If they keep the lights out with all the tarp, does it still grow green above the ground? is it ‘white’ above ground?
The spears that poke out above ground are white under the tarps. The had tons of them this morning.
@tom8050, see post #469–the spears are white above ground and those pictured are around 25-30cm long. All but about 10cm should be under a mound of soil until harvest. When they pick, the knife goes in deep under the ground to catch the other 15-20cm.
A classical…‘revuelto de ajetes, gambas y trigueros’ > sautée of fresh garlic, crevettes and green asparagus - using olive oil, of course; you add the eggs at the end. The green asparagus, as thin as possible, so they can be quickly ‘stir fry’.
I have the impression that thinner asparagus are easier to cook and more flavorful. But, big ones are prevalent in the supermarket.
When the asparagus crown is young or stressed (overcrowding, insufficient food), it will produce thin spears. Also, some varieties are naturally thin. Thin spears are in fact less flavourful than thicker spears, and they tend to have a grassy taste. When mature and properly fed, the fatter spears have more rounded flavour. It just depends on what you like. I used to have a big asparagus field, and that’s just what I experienced. YMMV.
You know when your asparagus is good when your pee smells like grass the next morning.
Which is precisely why I avoid it. And more like fermentating, rotting grasses.
An hour after eating it !
I like the small spears, boiled for one minute and then quickly cooled in ice water and draind. Then tossed with olive oil, pepper, sea salt flakes and a bit of grated parmesan cheese and then either grilled in the oven or thrown on a BBQ for a couple of minutes or so.
Why, oh why, does Swiss insist on serving asparagus on long haul flights?
I dread flying during ‘Spargelzeit’.
…I see that @Tom1234 is either Italian, Chilean, or an undercover Swiss. Why, why, why masking the delicate taste of asparagus with cheese…?
When I invite my Swiss friends and offer a choice of menus, my question to them is “…what do you want your cheese with?”
It’s just a little parmesan - not any old cheese. The umami taste of the parmesan, together with the salt really works.
I wouldn’t do it with the big asparagus spears - those are best boiled and served with melting butter.
You barbarian, boiling asparagus, at least steam it.
Technically, he’s blanching the little ones, so it’s OK. Boiling for 5-8 minutes removes a lot of nutrients, so I agree that steaming is better if you intend to cook longer than 2 minutes. OTOH, boiling also lowers the levels of asparagine, which is what causes the stink.
Variation on Walliser toast
Bread soaked in white wine, covered with leftover cauliflower and raclette cheese, add garlic, paprika and black pepper, bake in oven
White and green asparagus salad.
Cut off the stems as necessary, peel both the white and green ones, the white ones maybe up to maybe 5-6cm off the top.
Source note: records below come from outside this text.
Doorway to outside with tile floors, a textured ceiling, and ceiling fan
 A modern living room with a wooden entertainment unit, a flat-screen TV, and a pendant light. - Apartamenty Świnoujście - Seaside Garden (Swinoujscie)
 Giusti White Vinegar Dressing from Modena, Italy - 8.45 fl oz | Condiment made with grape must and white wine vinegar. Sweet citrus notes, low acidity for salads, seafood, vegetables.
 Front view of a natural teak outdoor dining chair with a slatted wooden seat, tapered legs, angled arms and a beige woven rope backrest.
Cut both of them into about 1cm slices but leave the top 5-7cm. Fry the slices in olive oil with pepper and salt, just shy of letting them brown. Cut the top tips vertically into alumettes, fry them as well, add some butter to let all the pieces brown slightly. At the end, add Aceto Balsamico to taste. Additional salt and pepper as needed.
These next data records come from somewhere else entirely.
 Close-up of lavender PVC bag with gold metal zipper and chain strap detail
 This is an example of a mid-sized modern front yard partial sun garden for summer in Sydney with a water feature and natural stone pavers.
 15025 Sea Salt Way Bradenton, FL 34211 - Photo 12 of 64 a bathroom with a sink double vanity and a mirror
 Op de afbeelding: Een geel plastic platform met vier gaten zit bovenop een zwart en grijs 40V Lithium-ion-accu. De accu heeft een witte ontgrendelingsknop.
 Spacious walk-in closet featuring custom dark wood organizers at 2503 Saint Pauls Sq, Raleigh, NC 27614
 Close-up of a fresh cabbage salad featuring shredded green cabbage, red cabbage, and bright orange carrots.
If you have lots of asparagus, fry the two different cuts in two different pans to make sure you can fry both cuts well enough.
Arrange onto a plate ideally with the plain cuts surrounded by the long cuts.
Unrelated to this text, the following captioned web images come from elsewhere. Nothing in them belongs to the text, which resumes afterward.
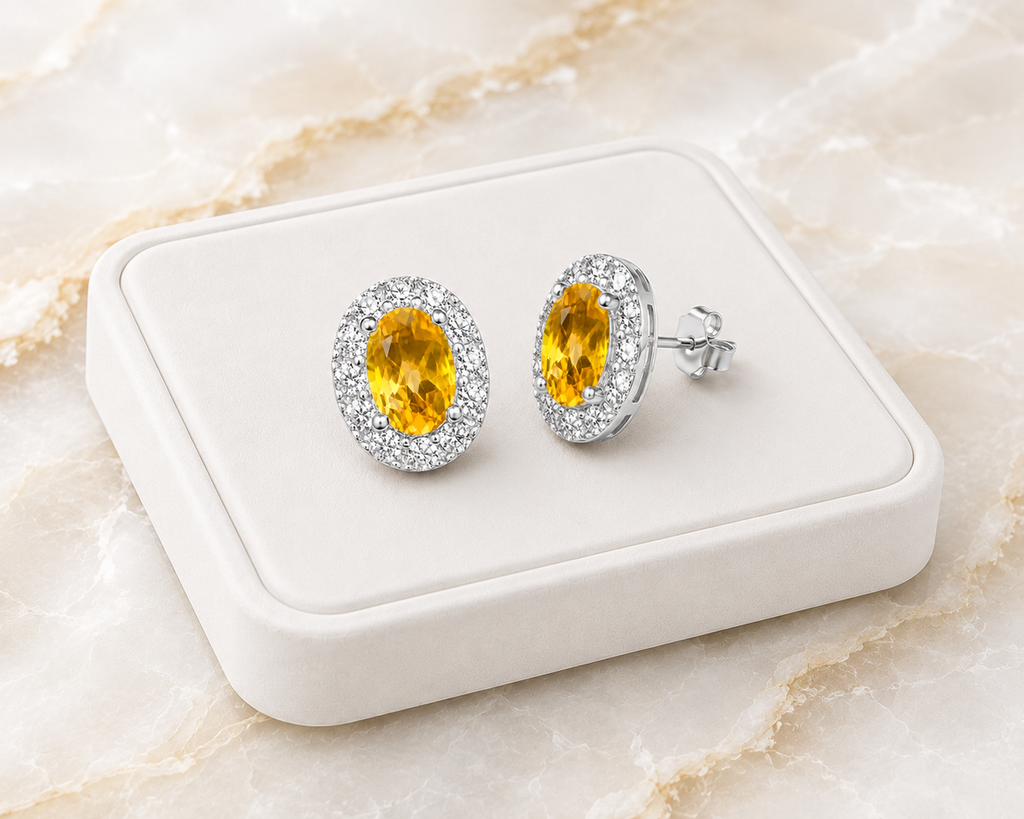 Natural citrine halo stud earrings displayed on luxury white jewelry tray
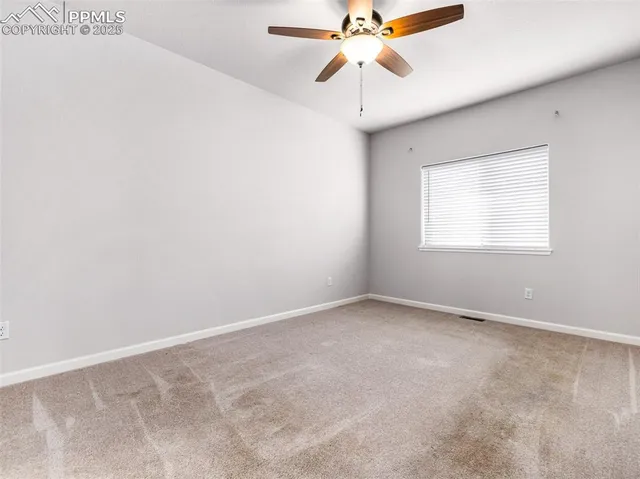 a view of small space with racks on the wall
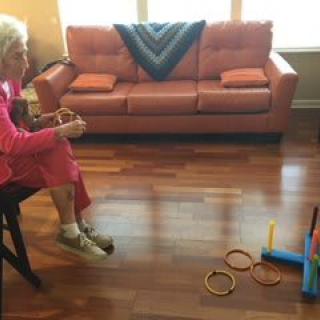 An elderly person playing a ring toss game in the living room.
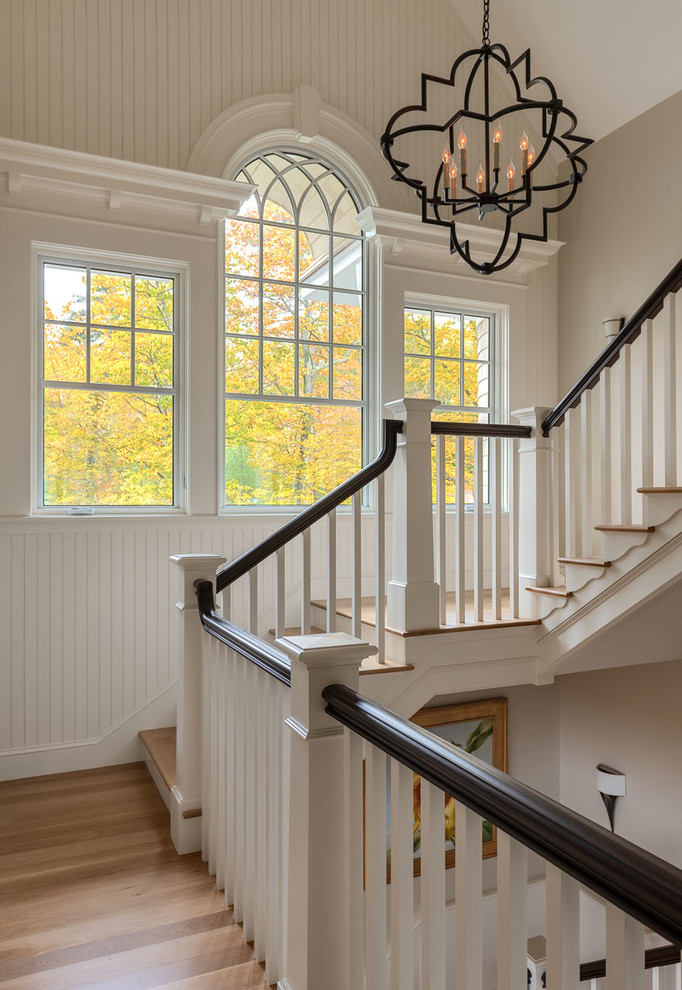 Design ideas for a coastal wood u-shaped wood railing staircase in Boston with painted wood risers.
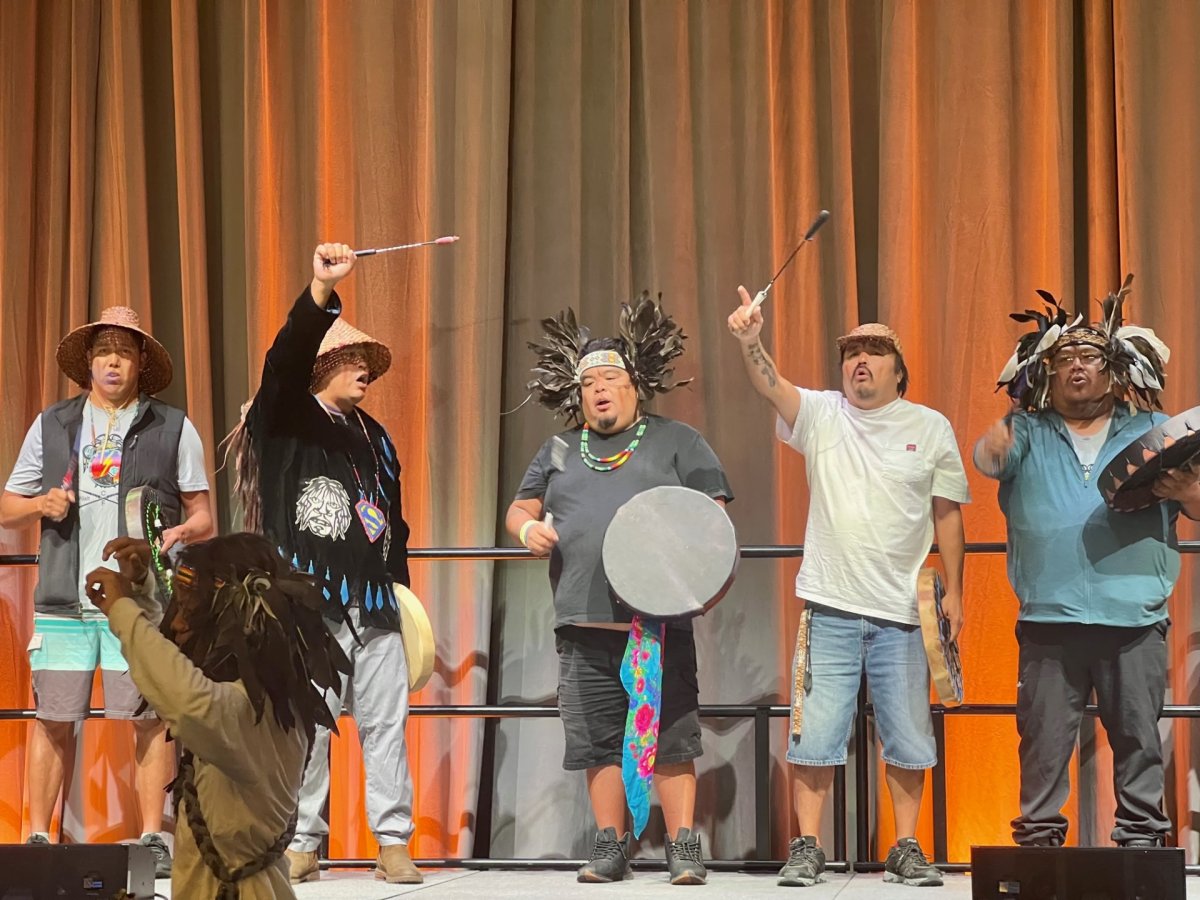 A group of people stand with drums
Inspired by Georges Blanc, according to him additionally season with black truffle as necessary.
Was browsing for ideas given there are some serious cooks here and my eyes caught this.
I imagine it’s commercial garum, right?
Crazy me, back when I had more appetite for experimentation, tried to make garum at home, but in the end my wife objected to us using it and it went in the trash in a sealed container.
Was about half a kilo of raw herrings, cut up, guts and all, layered with coarse salt in a bucket for olives and left in Greek summer sun.
Weirdly whenever I opened it to look it never had a bad smell, or even fishy smell. It smelled like chocolate believe it or not.
Interesting little bit of history, Liutprand of Cremona, in his second mission to Constantinople, described being invited to a feast by Emperor Nicephorus Phocas, and offered food from the Emperor’s own dish. He describes “a young goat, overfilled with leek and garlic, and drenched in that disgusting fish sauce the Greeks love”. Bear in mind “Greek” was an insult at the time, both to western Europeans as well as Byzantines (who called themselves “Roman”), as it meant “pagan”.